When the music died on the wind and a cloud obscured the moonlight, their moment of peace was over.
‘I suppose it is time.’ Kirino Toshiaki held up a ceramic bottle that sloshed with shōchū. Several samurai cheered and the men took turns drinking the clear spirit. There was enough for one sip each. Keiichirō savoured his, letting the liquid run over his tongue and coat every corner of his mouth. The spirit burned its way into his stomach and abated the tension. Oddly, he found himself thinking of Taguchi, insisting to his death that his brother was innocent, and how he had been proven right. Keiichirō looked towards Isla, and her solemn face suggested she was having equally sombre thoughts.
Not caring who saw them, Keiichirō pulled her into a deep hug.
‘Get some rest,’ said Saigō-sama when the shōchū bottle was empty.
* * *
Isla didn’t sleep. On the dirt of the stony ground, the air stifling, she lay as close as she could to Keiichirō. Every heartbeat was one beat nearer to the morning when everything would come to a swift, bloody end. Nothing mattered now except that she was close to her lover.

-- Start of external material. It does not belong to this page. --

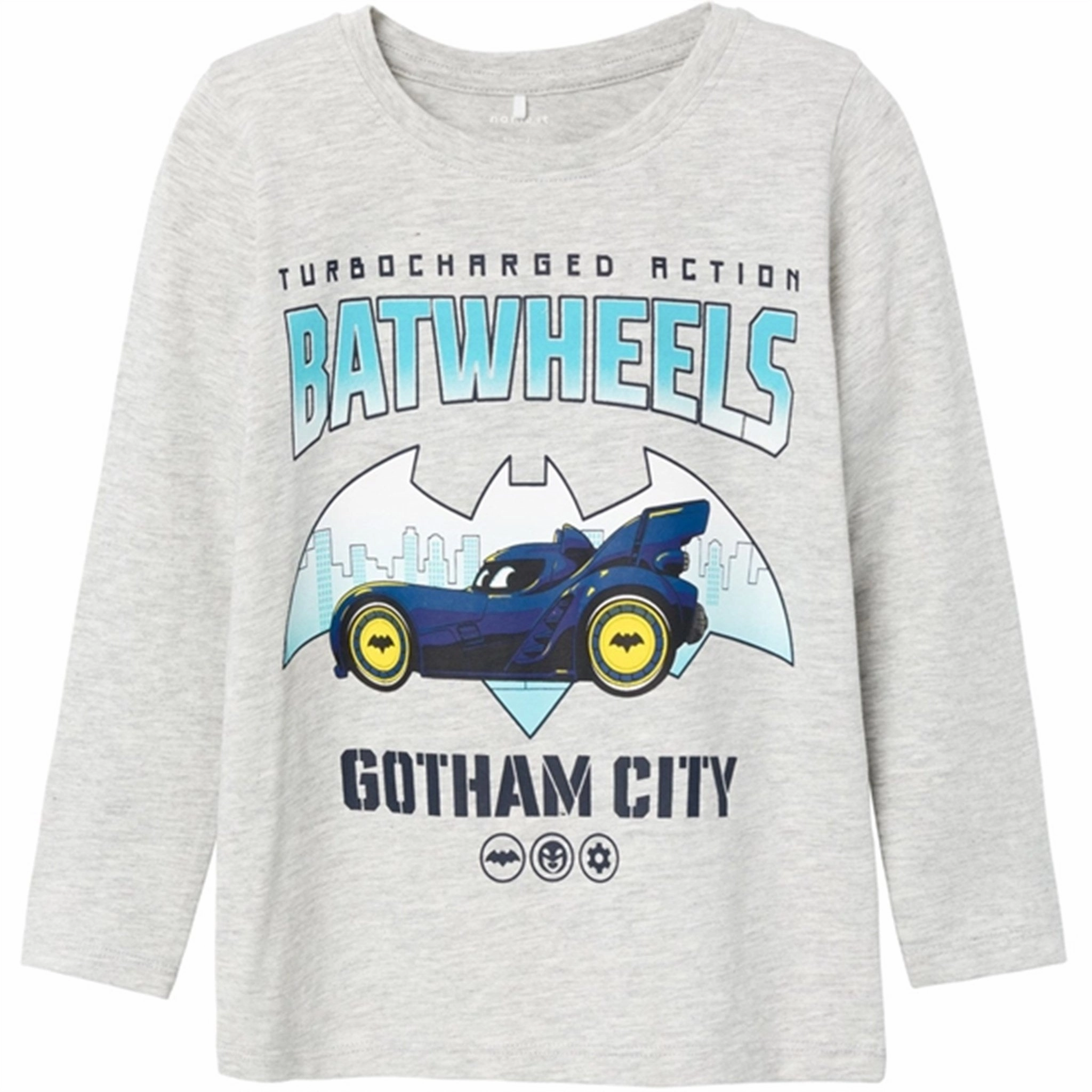 Name it Light Grey Melange Felian Batwheels Blouse Non Iron Material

Keiichirō didn’t sleep either, although he kept his eyes closed. He wore his hair down to sleep, and Isla curled a lock around her finger, feeling the silk of it against her fingertip.
Isla was thinking that she had seen so many people die. Had experienced the horrors of battle and how quickly someone could fall and breathe their last. There was no glory, no romance, no excitement. It was over in a blur before it could sink in, messy and manic. All one could do was try to survive. Whenever Isla closed her eyes, she saw men falling with screams, holding their own entrails or clutching bloody eyes or throats. She could still smell the tang of blood, feel the rattle of gunshots through her bones.

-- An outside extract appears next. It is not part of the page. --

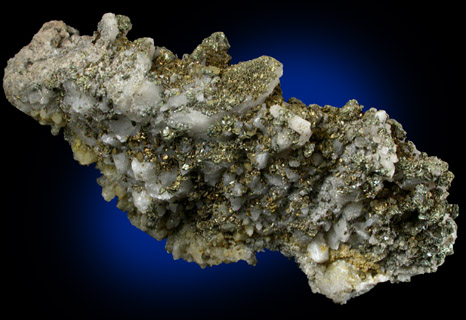 Chalcopyrite on Quartz from Keweenaw Peninsula Copper District, Michigan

Isla was forever changed, but at least she had saved her family’s future. Nene Nakamura and Hisakichi Kuroki would go on to have children, who would eventually go on to sire her grandfather. He would travel to the United Kingdom, marry her Scottish grandmother.

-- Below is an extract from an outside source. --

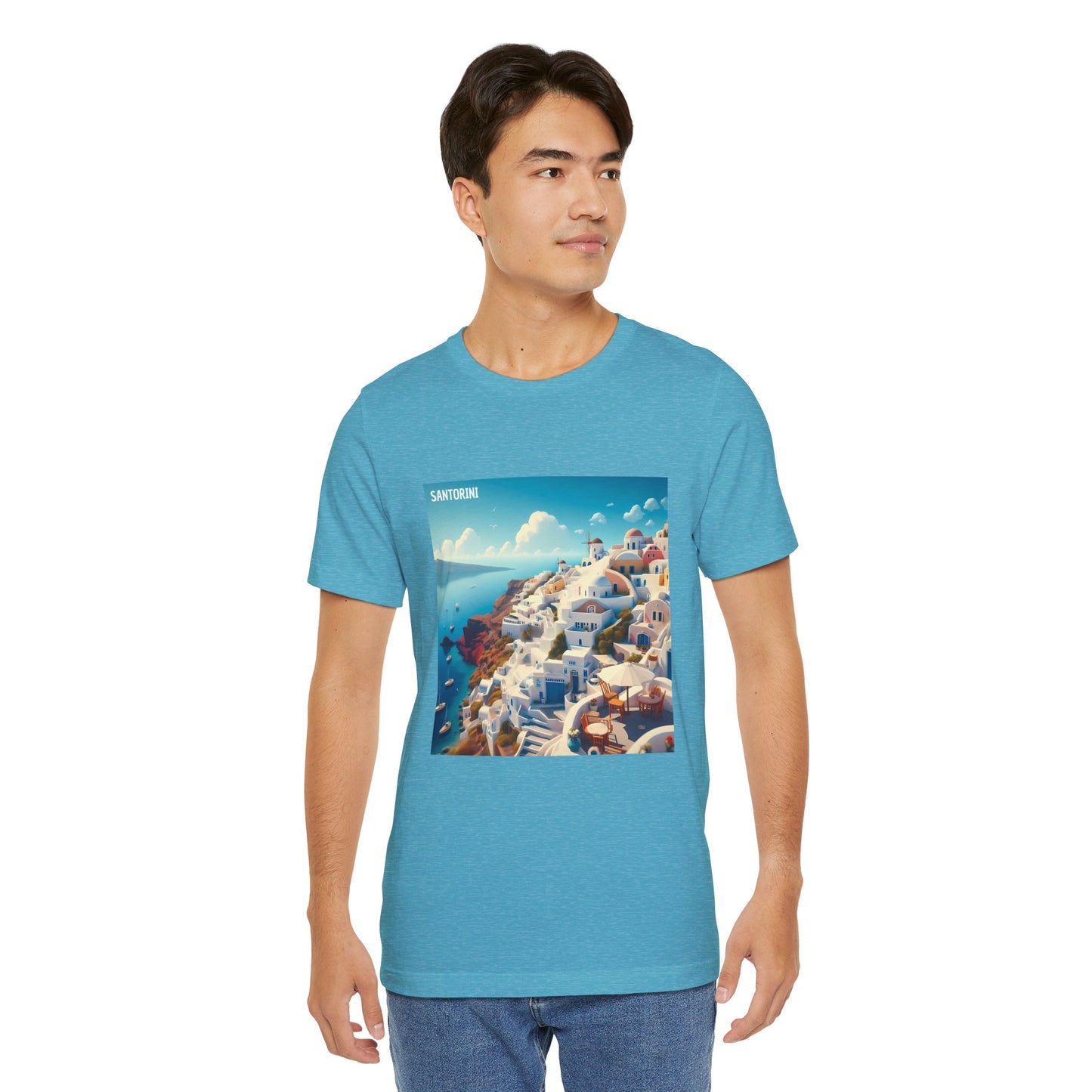 Santorini Oia Disney Pixar Style Jersey Short Sleeve Tee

Isla would be born again in the future. The thought brought her some small measure of calm. She had lived a decent enough life in her time. She’d worked hard, made it to Japan, made her parents proud, enjoyed her life. Maybe that was enough. She hoped they would be able to find some peace even after her disappearance. She wondered what it was like to die. She hoped she would face it bravely.
Her fingers moved from Keiichirō’s hair to his chest, tracing over his robe stained with dirt. His strong hand reached up to grip hers as his lips found her mouth. Emotion welled inside her at the silent plea, the desperation his embrace held.
In the darkness, surrounded by their fellow doomed samurai, Keiichirō cast caution aside and moved to lie on top of her. His breaths turned frantic and heavy. Her heart filled with equal measures of love and agony as she pushed aside his robe, Keiichirō’s scars gleaming white against the darkness.
He entered her with urgency that made her gasp. Grief and ecstasy mingled as one as he moved inside her, filling her world. A groan, perhaps a sob, tore from him as he buried his face in her neck, clutching tight. She held onto him as her heart wept.
‘When does it happen?’ he whispered later as the sky outside hinted at the coming daybreak.
She didn’t need to speak the answer, and he nodded gravely.
Outside, an explosion rumbled, shaking the mountainside.